The 2 Xeon Phi coprocessors are named mic0 and mic1, respectively. Once you are on aesyle, you can log onto them using SSH:
[aesyle]$ ssh mic0or
[aesyle]$ ssh mic1
Once you are in, you'll see a mostly familiar Linux environment. Feel free to explore its every nook and cranny. NOTE the embedded Linux utilizes BusyBox to provide a number of UNIX tools. The usage of these tools may differ slightly when compared to the usage of similar tools on the host Linux.
It is worth noting that the embedded Linux sees a total of 240 cores/processors in each Xeon Phi 5110P, although there are only 60 physical cores in each coprocessor:
[mic0]$ grep -c ^processor /proc/cpuinfo 240
The Xeon Phi coprocessors utilizes hardware multithreading on each physical core – 4 threads per core – as a key to mask the latencies inherent in an in-order microarchitecture. This should not be confused with Hyper-Threading on Intel Xeon processors that exists primarily to more fully feed a dynamic execution engine. For Xeon Phi, the number of threads per core utilized is a tunable parameter in an application and should be set based on experience running the application.
There are 3 execution modes of running applications on the Xeon Phi coprocessors: native, symmetric & offload[1].
In native mode, applications run directly on Xeon Phi coprocessors[2]. Here are some examples on how to build a native application that runs directly on an Intel Xeon Phi coprocessor and its embedded Linux operating system.
To cross-compile hello.c, a serial "Hello world" program written in C, using the Intel C compiler, run:
[aesyle]$ cd /pfs/dong [aesyle]$ icc -mmic hello.c -o hello.icc.k1omNOTE
- -mmic enables cross-compiling of applications for the MIC Knights Corner microarchitecture.
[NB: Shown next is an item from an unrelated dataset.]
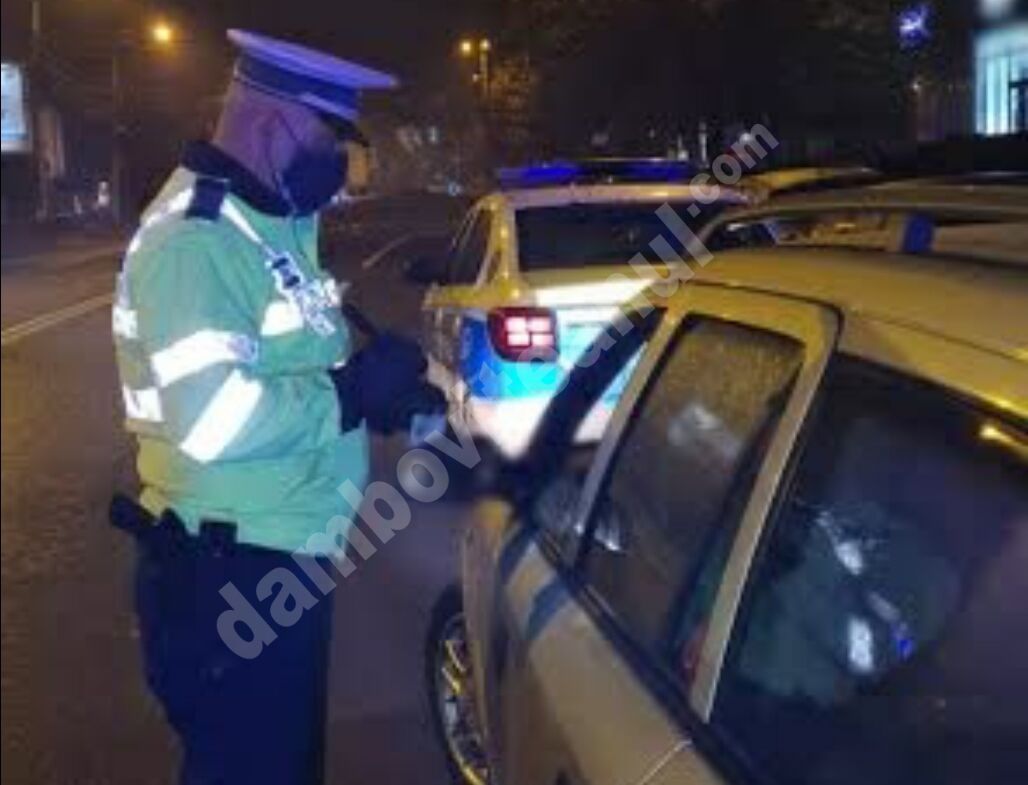 You are currently viewing DÂMBOVIȚA: Un tânăr de 21 de ani, cercetat de polițiști pentru conducerea sub influența băuturilor alcoolice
- The default optimization level for the Intel compilers is -O2.
- The binary, hello.icc.k1om, can run only on Xeon Phi coprocessors.
[aesyle]$ ssh mic0 /pfs/dong/hello.icc.k1om Hello, world!
or you can first log onto the coprocessor, then run the application:
[aesyle]$ ssh mic1 [mic1]$ /pfs/dong/hello.icc.k1om Hello, world! [mic1]$ exit
If you prefer GCC, Intel MPSS comes with a few customized GCC utilities for building native MIC applications on the x86_64 host, located in /usr/linux-k1om-4.7/bin/. For example, to cross-compile hello.c using gcc, run:
[aesyle]$ /usr/linux-k1om-4.7/bin/x86_64-k1om-linux-gcc hello.c -o hello.gcc.k1omNOTE
- -march=k1om is the default option.
- When running /usr/linux-k1om-4.7/bin/x86_64-k1om-linux-readelf -h against a MIC ELF binary, it shows the machine type (instruction set architecture) as Intel K1OM (0xB5). For a list of legal values for e_machine (architecture), check /opt/mpss/3.4.1/sysroots/k1om-mpss-linux/usr/include/elf.h.
- By comparison, the machine type of an x86-64 ELF binary is Advanced Micro Devices X86-64 (0x3E).
To cross-compile omp_hello.c, an OpenMP "Hello world" program written in C, using the Intel C compiler, run:
[aesyle]$ icc -mmic -openmp omp_hello.c -o omp_hello.k1omwhere
- -mmic enables cross-compiling of applications for the MIC Knights Corner microarchitecture.
- -openmp enables the parallelizer to generate multi-threaded code based on OpenMP* directives.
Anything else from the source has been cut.